▶ _DATA LISTING_:
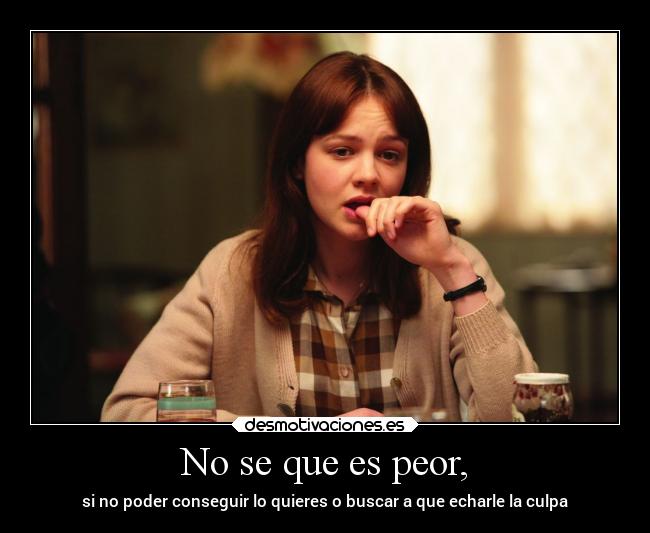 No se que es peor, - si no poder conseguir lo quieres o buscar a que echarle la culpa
...
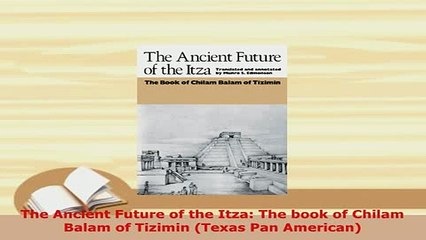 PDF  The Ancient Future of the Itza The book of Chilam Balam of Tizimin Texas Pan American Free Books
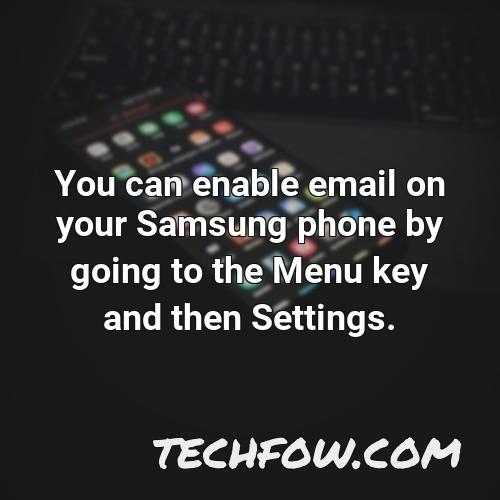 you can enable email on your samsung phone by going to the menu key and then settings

▶ _WHAT IS NEEDED_: The copy should hold only the lines from the one with "American Free Books" through the one with "you can enable", exactly as they stand above. Leave out the pictures.

▶ _EXERCISE RESPONSE_:
 PDF  The Ancient Future of the Itza The book of Chilam Balam of Tizimin Texas Pan American Free Books
 you can enable email on your samsung phone by going to the menu key and then settings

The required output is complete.